Figure 3.

HopX1i strengthens the ZED1/SZE1 protein-protein interaction. (A) Yeast two-hybrid assay assessing interactions between ZED1 (in pEG202) and PBL15, SZE1, or SZE2 (in pJG4-5) on X-gal reporter plates. To determine protein-protein interaction in the presence of a T3SE, HopX1i, or HopZ1a was integrated into the yeast HO locus (see Methods). (B) Quantitative yeast interaction assays were performed between ZED1 and SZE1 in the presence or absence of the T3SEs HopZ1a (Z1a), HopX1i (X1i), or the catalytic mutant of HopX1i (C198A; X1i C/A).
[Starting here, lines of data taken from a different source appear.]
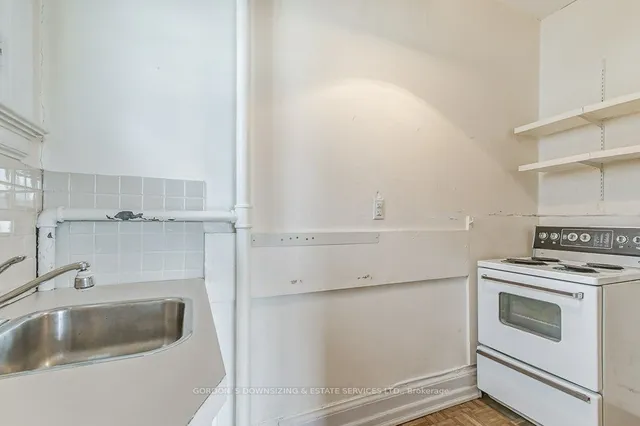 Additional image 31 of 181 Poplar Plains Rd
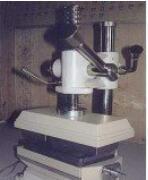 电阻高温测试架 型号HHY8-DB-4/DB-5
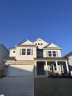 52 Riley Eden Lane sold home in Greer, SC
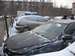 Preview 2003 MAZDA6
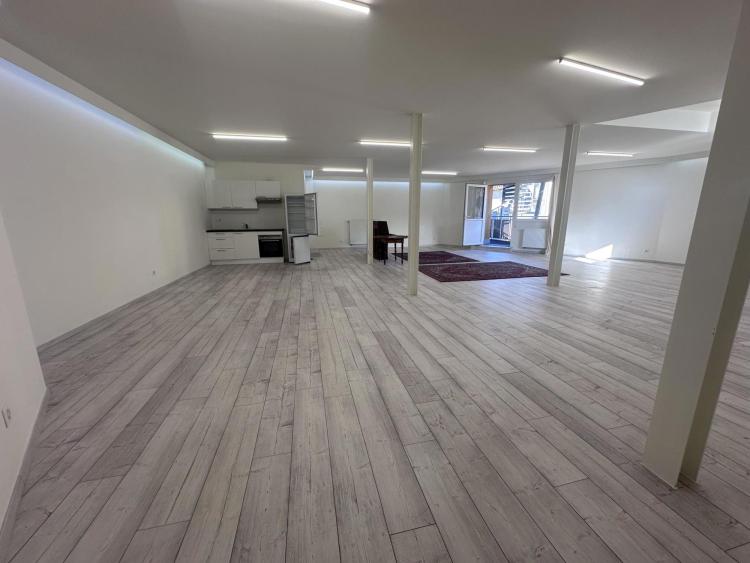 House for sale in Ballaigues, Switzerland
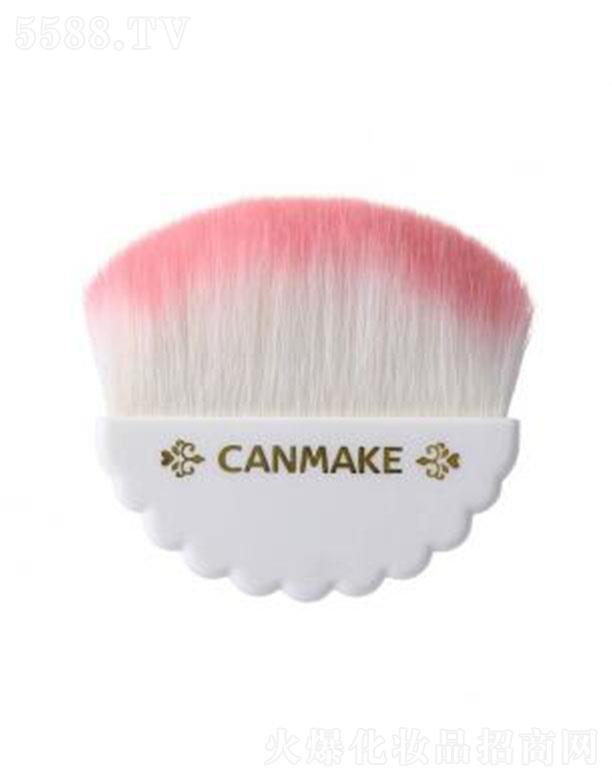 ���L(f��ng)�����yƷ�����ڣ����޹�˾��CANMAKE�d���۷ے� �o�輼��ֻҪһ��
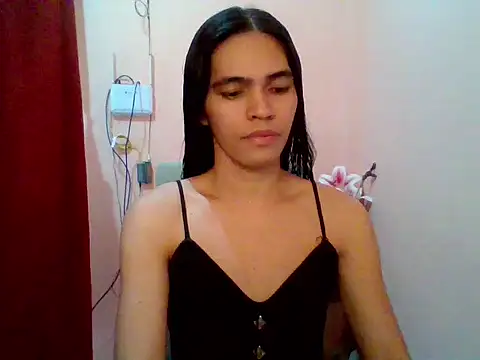 sweet yummy69 online show from 13, 1, 2026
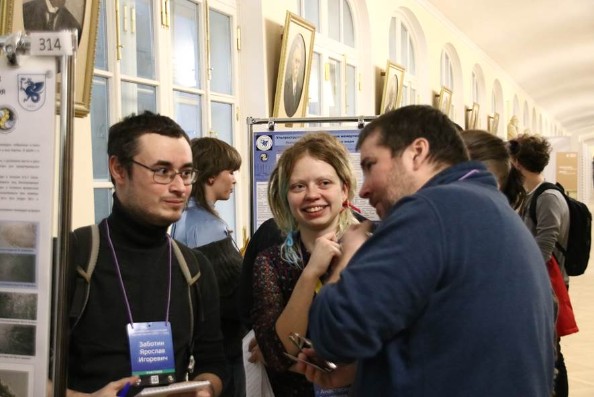 �������� � ������������� ������� ������� ������� � '����������� ������������ ������� ������ ����� ? 2025'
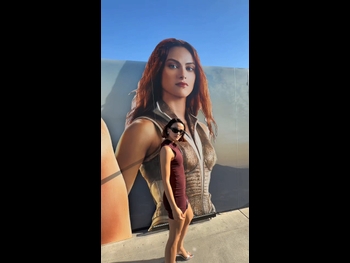  alt="Camila Mendes"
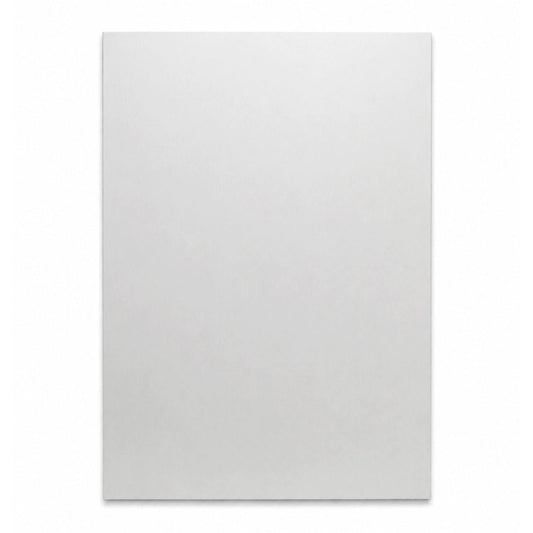 Matte Self - Adhesive UV Laminate - Stickiply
Letters represent statistically significant differences (Tukey’s HSD, P < 0.05). Experiments were replicated three times with similar results. Plasmids or genome integrations expressing each component for every strain used are listed below the bar graph. Strains 5 and 7 were independently generated, but harbor the same combinations of constructs (pBA350V::HopX1i, pEG202::ZED1, and pJG4-5::SZE1). Strains 6 and 8 were independently generated, but harbor the same combinations of constructs (pBA350V::HopX1i C182A, pEG202::ZED1, and pJG4-5::SZE1).